*EXERCISE OBJECTIVE*.
Everything in the data except the pictures belongs in your answer, copied exactly.

*MATERIAL PROVIDED*.
○ ○ ○ ○

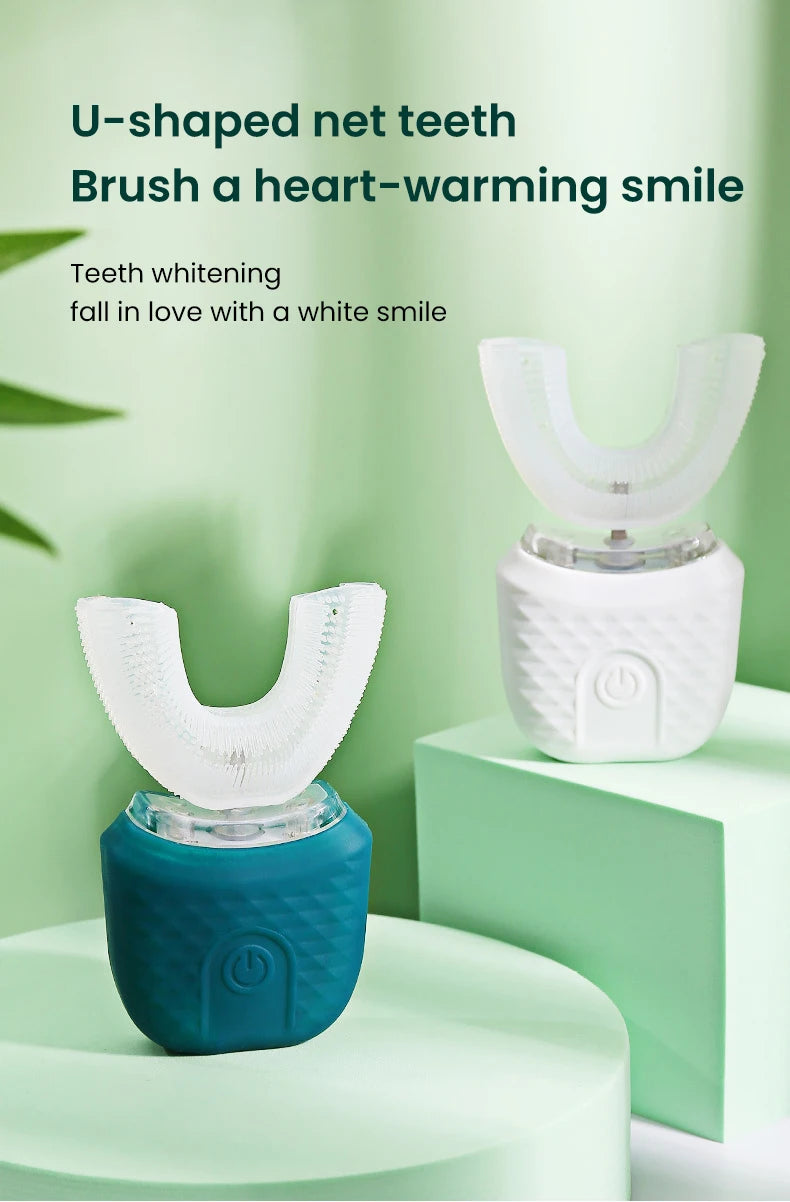 Ultrasonic Electric Toothbrush U-shaped Adult Automatic Toothbrush 360° Full Mouth Whitening Wireless Charging Waterproof Brush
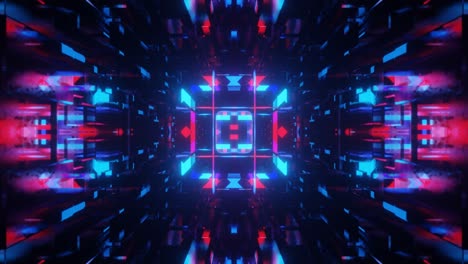 objeto o estructura simétrica en 3d gira y se mueve dentro de un túnel de espejo de vidrio con luz de neón, reflejos brillantes. fantástico fondo abstracto en bucle en 4k. bucle vj para espectáculo. club nocturno bucle vj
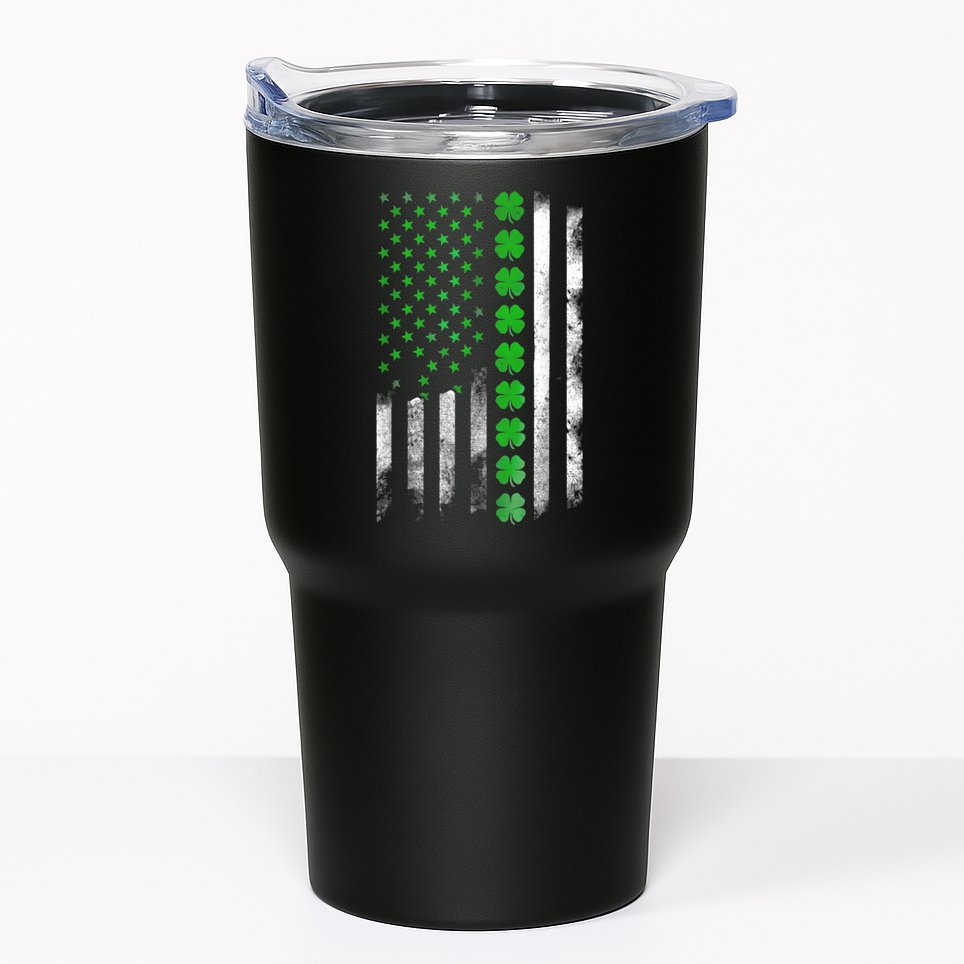 Irish American Flag Shamrock Clover Happy St Patrick's Day Tumbler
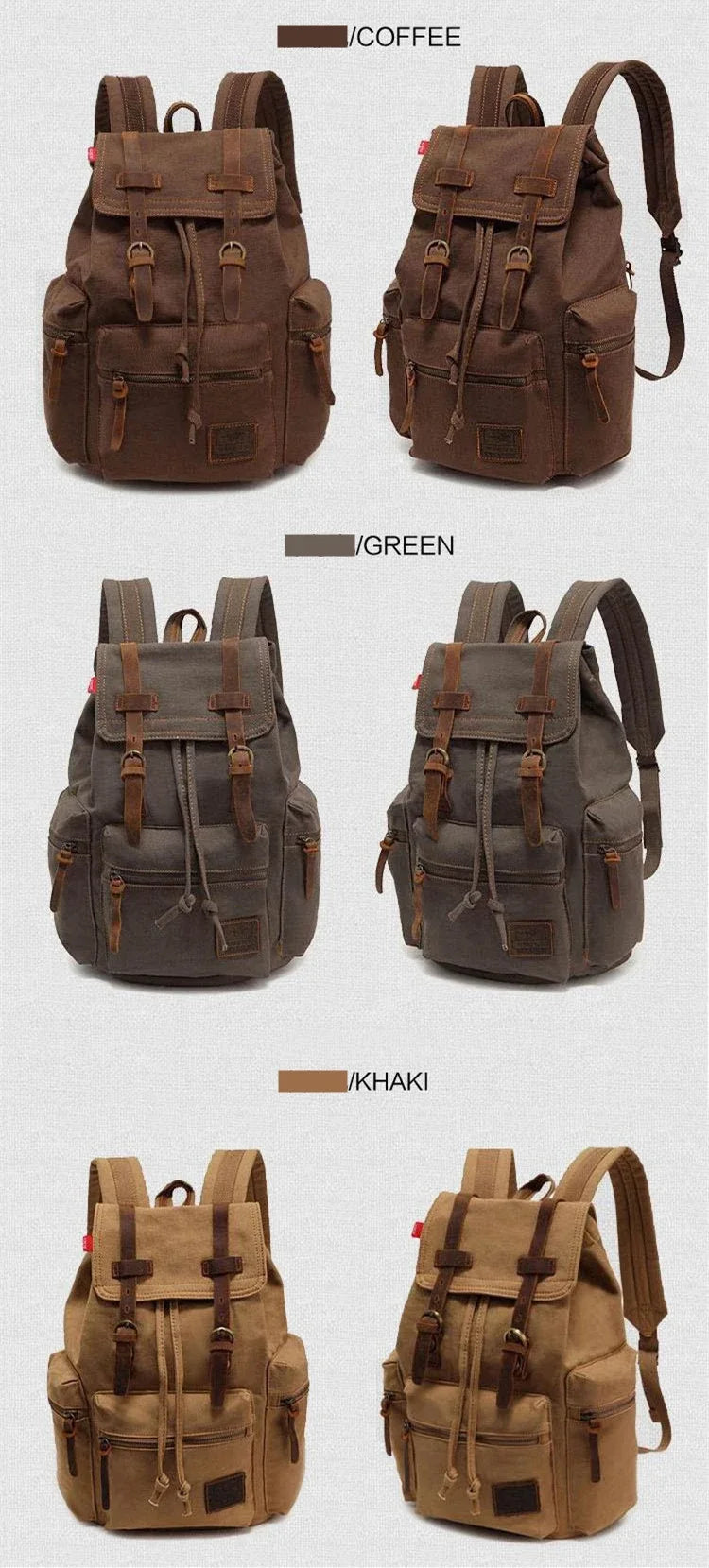 Vintage Canvas Backpack with Leather Accents – Large Capacity Travel & Laptop Bag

○ ○ ○ ○

*WRITTEN RESPONSE*.
 Ultrasonic Electric Toothbrush U-shaped Adult Automatic Toothbrush 360° Full Mouth Whitening Wireless Charging Waterproof Brush
 objeto o estructura simétrica en 3d gira y se mueve dentro de un túnel de espejo de vidrio con luz de neón, reflejos brillantes. fantástico fondo abstracto en bucle en 4k. bucle vj para espectáculo. club nocturno bucle vj
 Irish American Flag Shamrock Clover Happy St Patrick's Day Tumbler
 Vintage Canvas Backpack with Leather Accents – Large Capacity Travel & Laptop Bag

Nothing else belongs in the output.